A conversation with Gordon Piper

Current Position: Founder of North Hills Landscape Committee in 1979. In 1991, after the Oakland Hills Firestorm, this changed to the Oakland Landscape Committee our greening projects expanded to places all over Oakland that were impacted by the Firestorm. Currently I am the Chair of the Oakland Landscape Committee.

What is/was your relationship to ReLeaf?

The Oakland Landscape Committee first joined California ReLeaf as the North Hills Landscape Committee in 1991. We have been a long-term affiliate of California ReLeaf working on tree planting and care, public and park gardens, school gardens and reforestation efforts in our community.

What did/does California ReLeaf mean to you?

California ReLeaf has been a great partner of our small grassroots greening organization and community-based landscape committee. It was this significant partnership that helped secure grant funding after the Oakland Hills Firestorm to help with reforestation projects. This partnership also provided information that helped us, in collaboration with the City of Oakland, to secure a major ISTEA grant of approximately $187,000 that helped in building the Gateway Garden and Gateway Emergency Preparedness Exhibit Center. ReLeaf also was valuable in helping to connect us with many similar greening organizations and to learn about their programs here in California.

Best memory or event of California ReLeaf?

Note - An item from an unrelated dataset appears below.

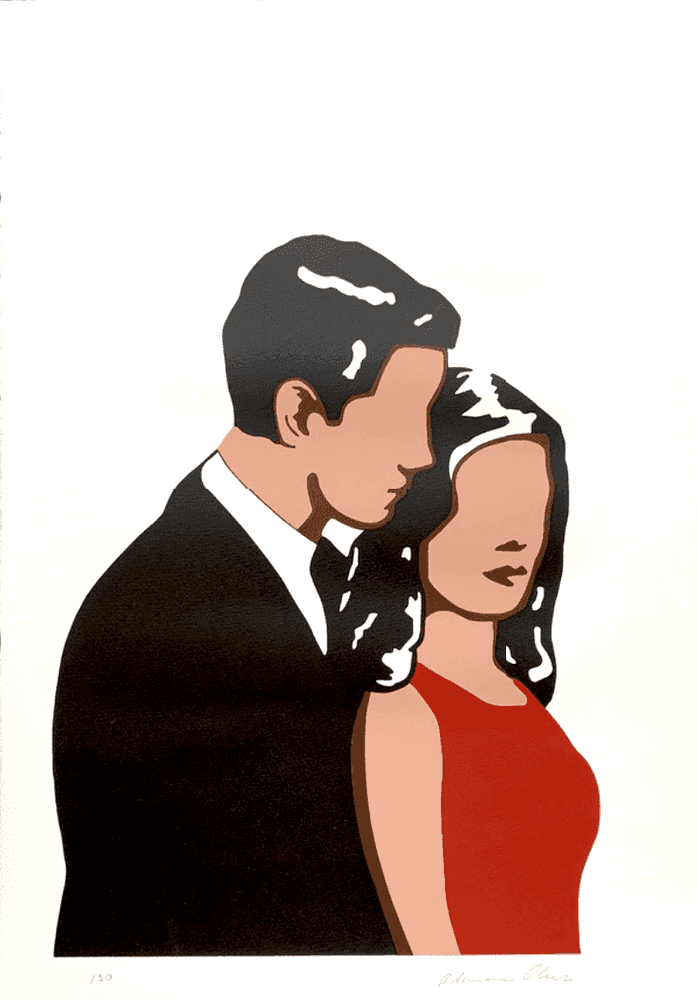 Adriana Oliver, ‘Only You’, 2019, Print, 4 colour screenprint on Somerset satin rag paper, Moosey Art, Numbered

I enjoyed the ReLeaf annual conferences and had one of my best times at an network conference in the early 1990s playing drums or musical instruments with other leaders of greening groups and singing songs at an evening social event, allowing us to let our hair down and connect with each other.

Why is it important that California ReLeaf continue its Mission?

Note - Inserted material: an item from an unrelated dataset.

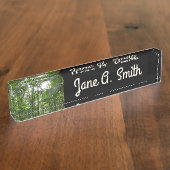 Zonlicht door regenwoud Kanopie Tropisch Groen Naambordje (Zijkant)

I felt the annual conferences of ReLeaf were like a battery recharging station where you could get inspired to continue with your community service work in urban forestry and greening. ReLeaf has also done great work in securing funding for greening work in California, and this is critical to enhancing our environment and urban forests. When the going gets tough like last year with little State support, ReLeaf goes to work and shows that there is still hope and support for the important work that ReLeaf groups do in California. Go California ReLeaf!